Tuesday, March 1, 2016
So yesterday was rare disease day which I just love because I love thinking of myself and unique and different and since there are only 150 cases of Factor 5 reported world wide I think that qualifies me as being unique!
I was reading an article yesterday about how its important to talk about the IMPACT these conditions have on people.
Hemophilia impacts every day of my life but as I get older I find myself reflecting on how it impacts the other people in my life.
Today when I called to thank my Nanny for a birthday card I realized how much my silly disease has impacted her.
I don't remember exactly what we were talking about but somehow we got on the topic of me worrying her with my illness.
She told me about the time I was in grade 7 and I called Nanny because I was in pain. She came over and I was too weak to walk so she called the ambulance to come and get me. My hemoglobin was around 50 and the people at the hospital were preparing to air lift me into St. John's.
I was in and out of consciousness but I remember my nanny being right by my side. She was stood up smiling in the room with me in her royal blue coat. She admitted to me today that she couldn't let on how scared she was because she did't want to scare me.
All I can remember is her being there, the smell of her perfume, the comfort of her presence and I remember her taking my hand and saying, look Ryanne, you have a long long lifelong just like grandfather had and you are going to live a long life, don't worry.
I an't tell you how much that helped me when I was a kid.
When I would get into sticky situations I would look down and my hand and trace my lifeline and think of my darling Nanny.
Lately, my Nanny has had some health problems of her own and I worry about her so much.
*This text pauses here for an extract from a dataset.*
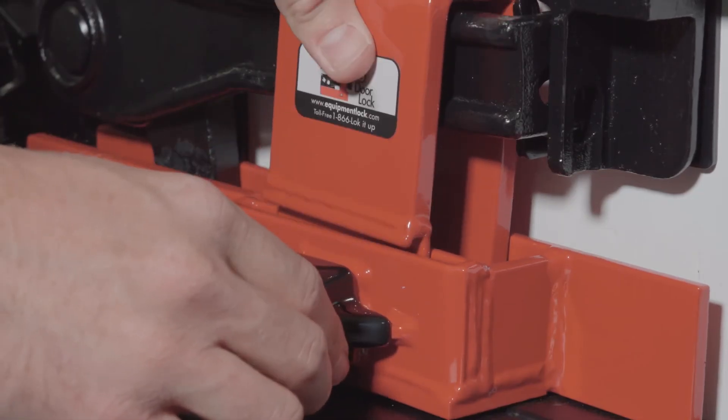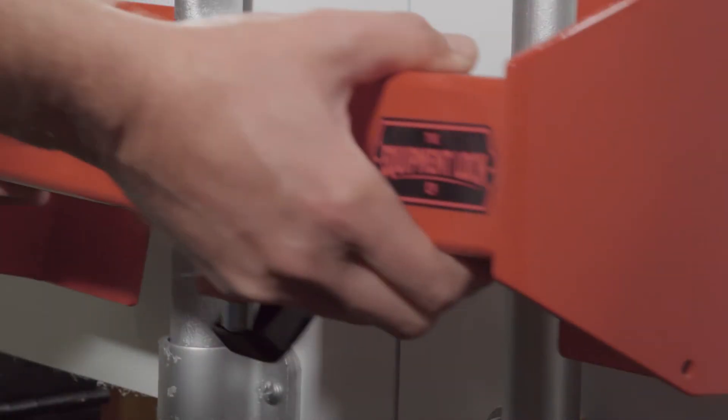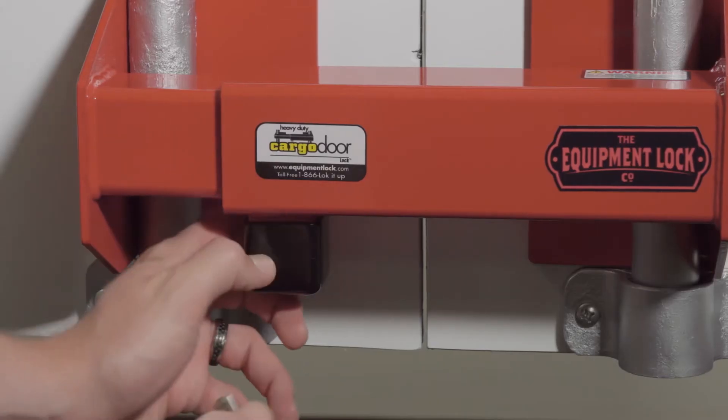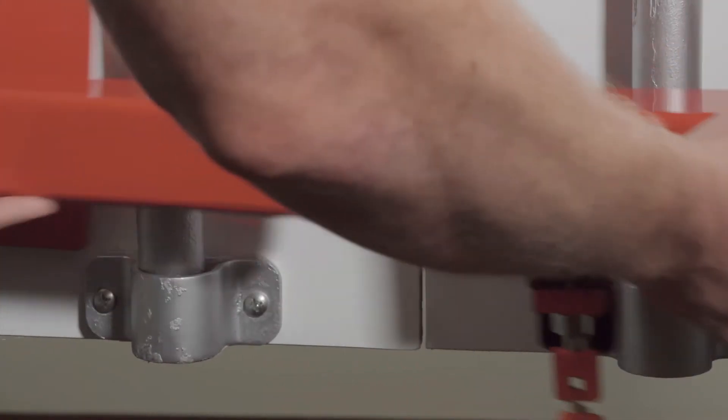An important feature of Equipment Lock products is the ease of install. Our heavy-duty cargo door lock can be installed in less than a minute. Place each half on the rails of your trailer door and adjust the width as needed. From there, push to lock it and be on your way.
I wish I could comfort her the way she comforted me so many times over the years. Nanny if you are ever sick remember that you are amazing angel ad you deserve to me happy and healthy and I'm sure I inherited my long life line from you!
Thursday, February 18, 2016
So, my momma left last night to head back to Newfoundland. My sister and I took her to the airport and we were all doing so much crying people must of thought we were insane.
I absolutely hate the airport. When I was a kid growing up in Newfoundland my dad would come for visits and we would always have a lot of fun. The airport was always the end of the line and when I was a kid it felt like I would never see him again.
When I was teenager my mom and I had to go to the airport to fly back and forth to St. John's so I could get treatment at the childrens hospital. I would cry and cry the whole flight. Now that I live in Alberta I get to see my Dad all the time but of course momma is still in Newfoundland so I cry to break my heart everytime she leaves.
So, thats why I hate airports.
The few times Zane and I have been on vacation I'm still so stressed going to the airport for me its a terribly sad place.
I am counting down the days until I head back to see mom and do some more crying in the airport!